Forum Moderators: open

Message Too Old, No Replies

whats the limit for googlebot

how do you create a site map for 20,000+ pages

         

NedFlanders

1:05 am on Mar 20, 2003 (gmt 0)

10+ Year Member



I have a shopping site that has over 20,000+ products and so 20,000+ pages. The pages are generated from a db via php, but I have found that as long as the php script does not contain the variable id (ie search.php?id=55) then it crawls them fine.

So basically I have 20,000 pages that I could include in a sitemap that I could link from the homepage. Which I understand from reading this forum, would be a good thing.

But the file would be very big, would googlebot ignore the file, crawl part of it, or even all of it?

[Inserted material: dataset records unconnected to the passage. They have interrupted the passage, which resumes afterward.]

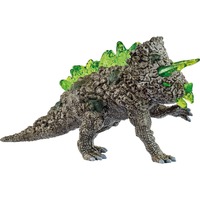 Schleich ELDRADOR CREATURES 70828 legetøjsfigur til børn, Spil figur 6 År, Flerfarvet
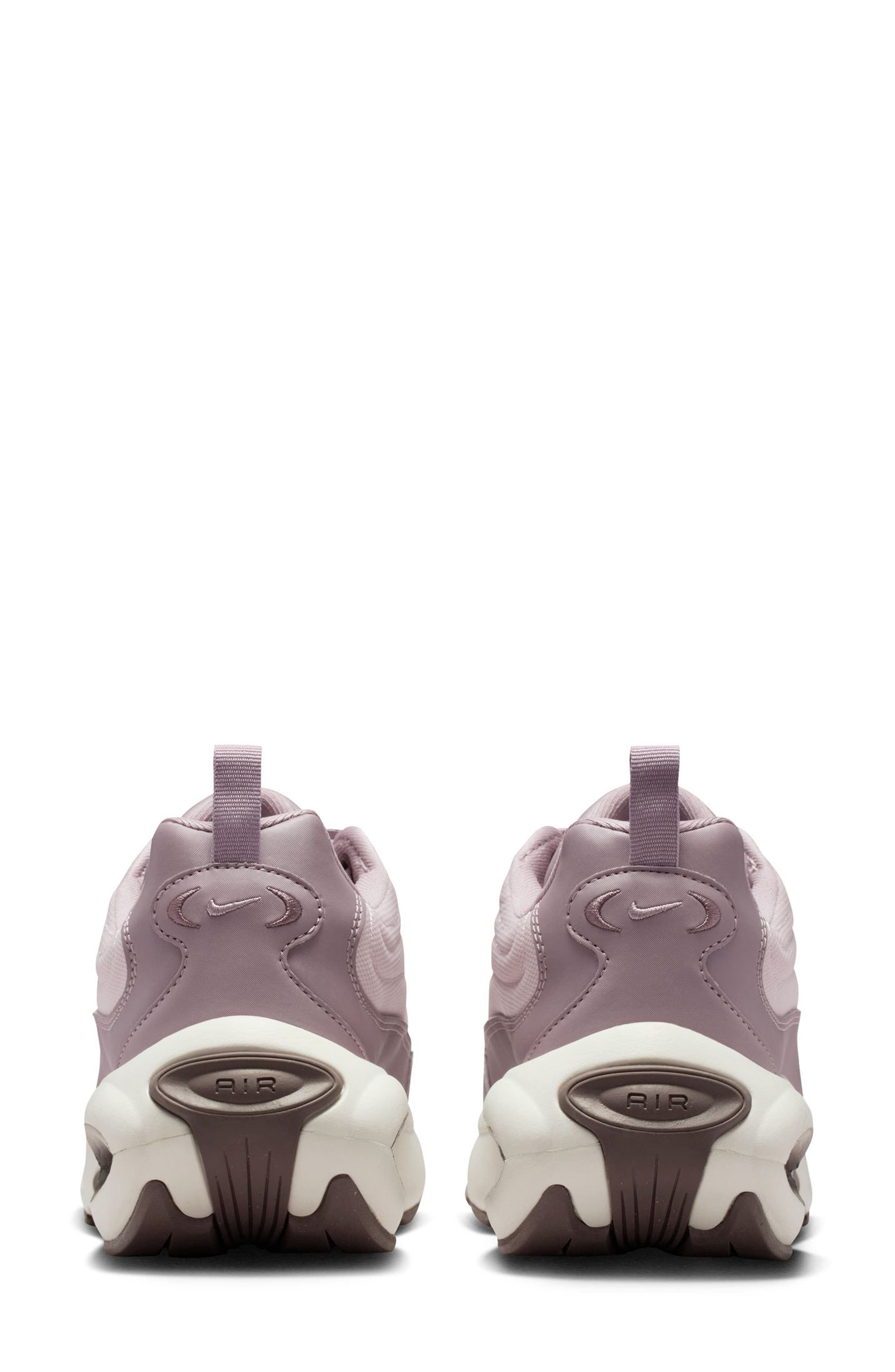 Nike Air Max Portal Sneaker, Alternate, color, Platinum Violet/ Light Violet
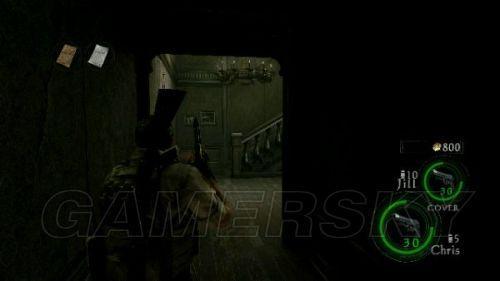 生化危机5黄金版DLC攻略:揭秘迷失噩梦与绝望逃亡惊险流程! 生化危机5黄金版DLC攻略:揭秘迷失噩梦与绝望逃亡惊险流程!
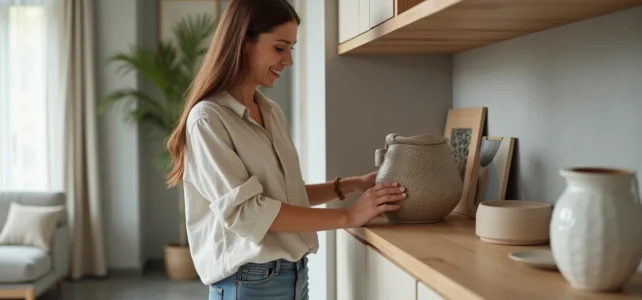 Comment bien choisir son équipement maison pour un intérieur tendance et fonctionnel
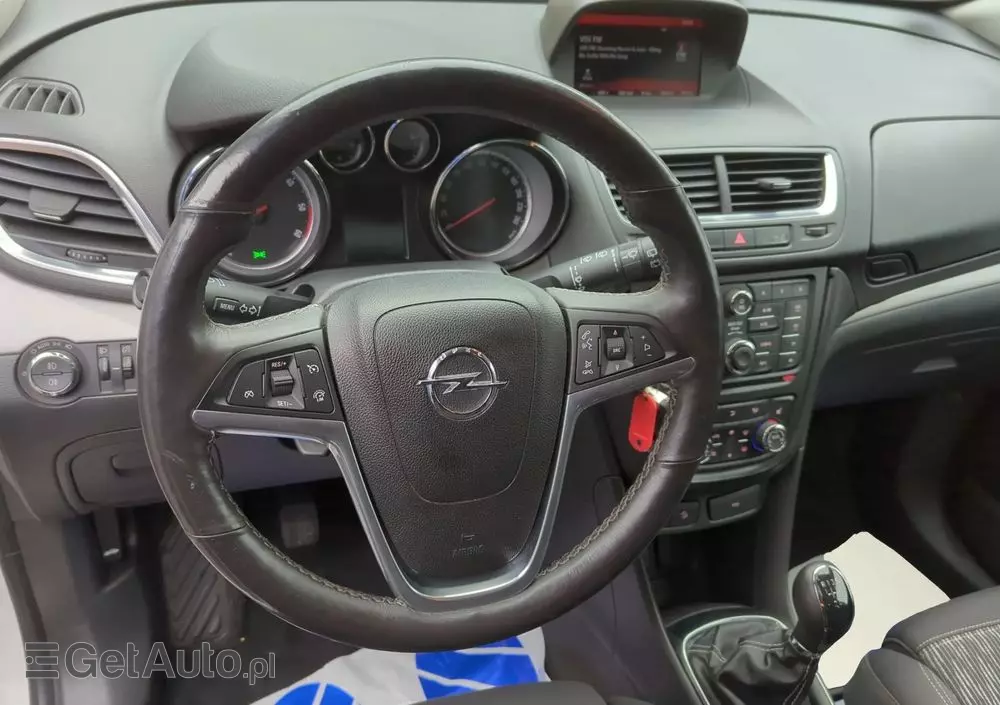 OPEL Mokka 1.7 CDTI Enjoy S&S 4x4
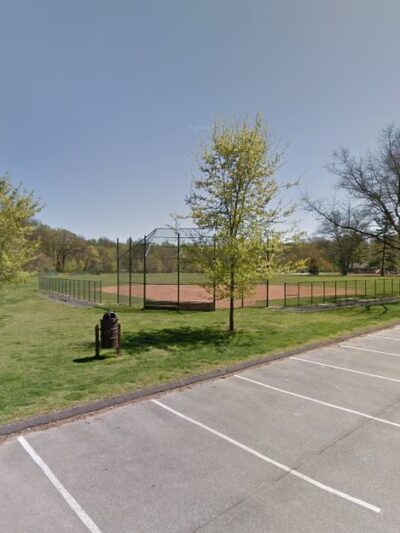 Softball Fields #1, 2, and 3 - Chevy Chase, MD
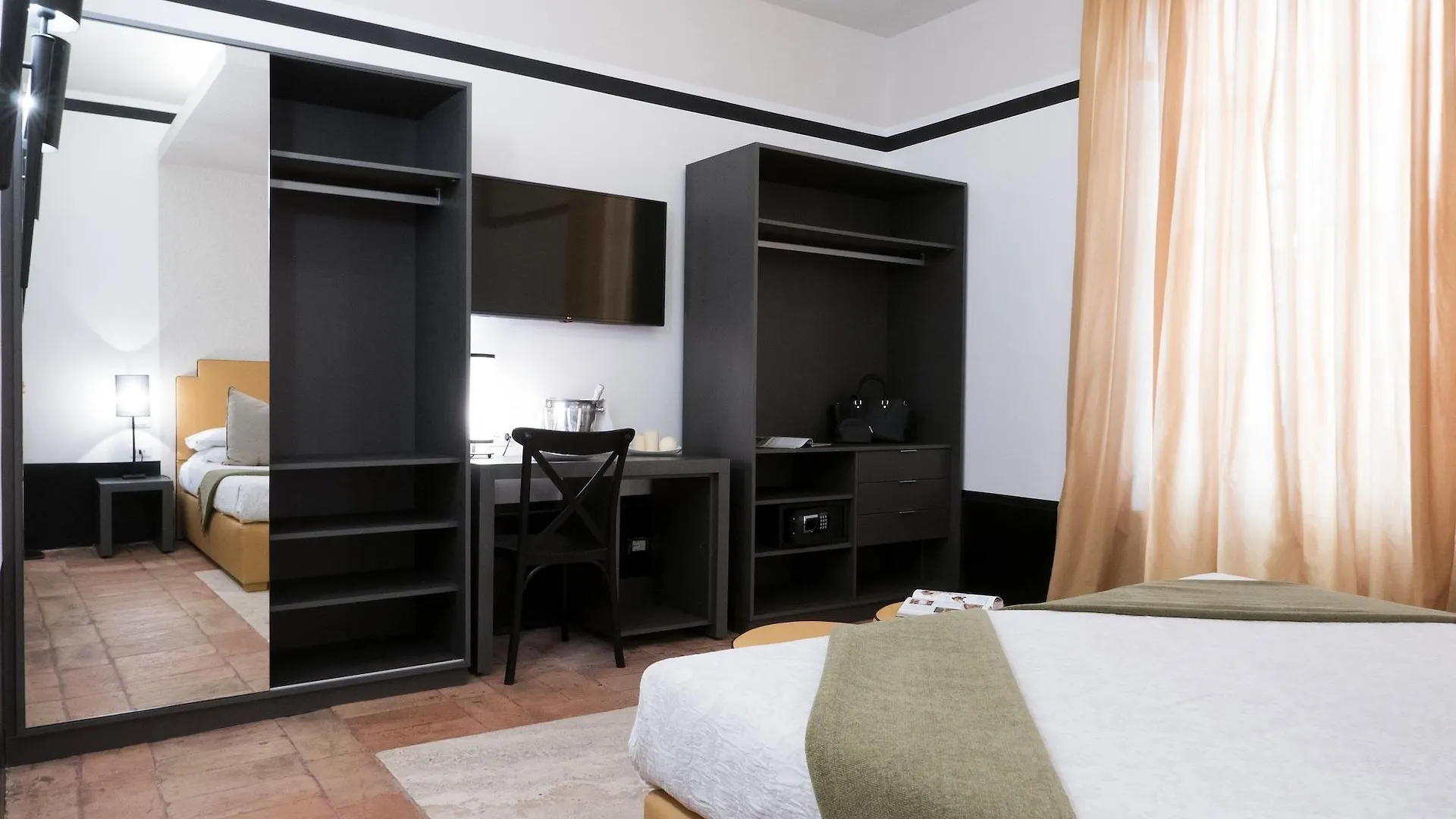 Relais Santa Maria Maggiore Rome 3*,  Italy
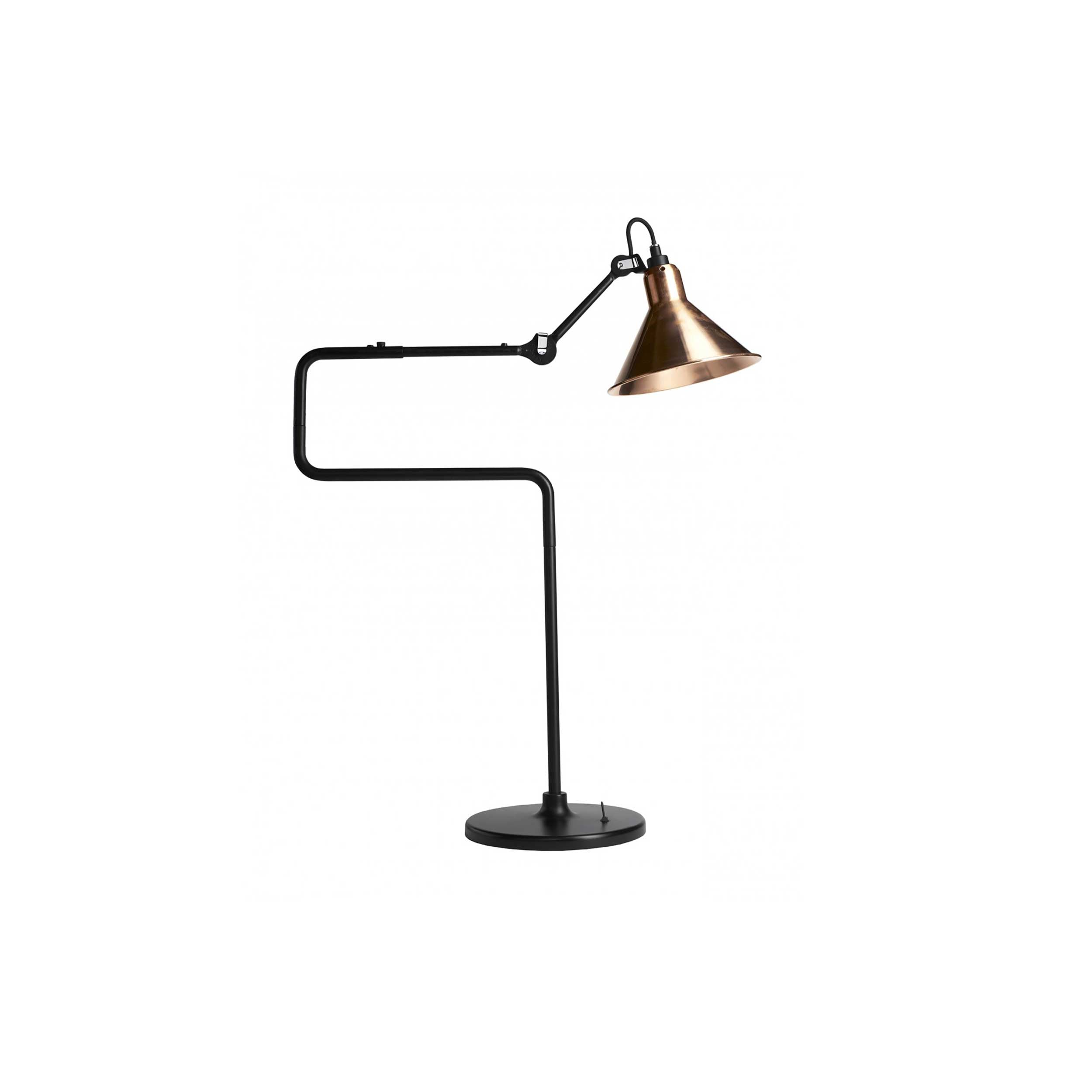 DCW édition NL 12 LED pendant light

Thanks for any help in advance.

deejay

1:57 am on Mar 20, 2003 (gmt 0)

WebmasterWorld Senior Member 10+ Year Member




1 Google only indexes the first 100k of a page - make sure your pages are smaller than this.

2 GoogleGuy has suggested 100 links (from memory) from a page as a maximum to stop it looking spammy. I can't recall if this was said in reference to internal or external links specifically, but it's a good rule of thumb.

20,000 pages /100 links per page = 200 pages.

You don't want links to 200 sitemap pages from your index page, so you need a two level approach.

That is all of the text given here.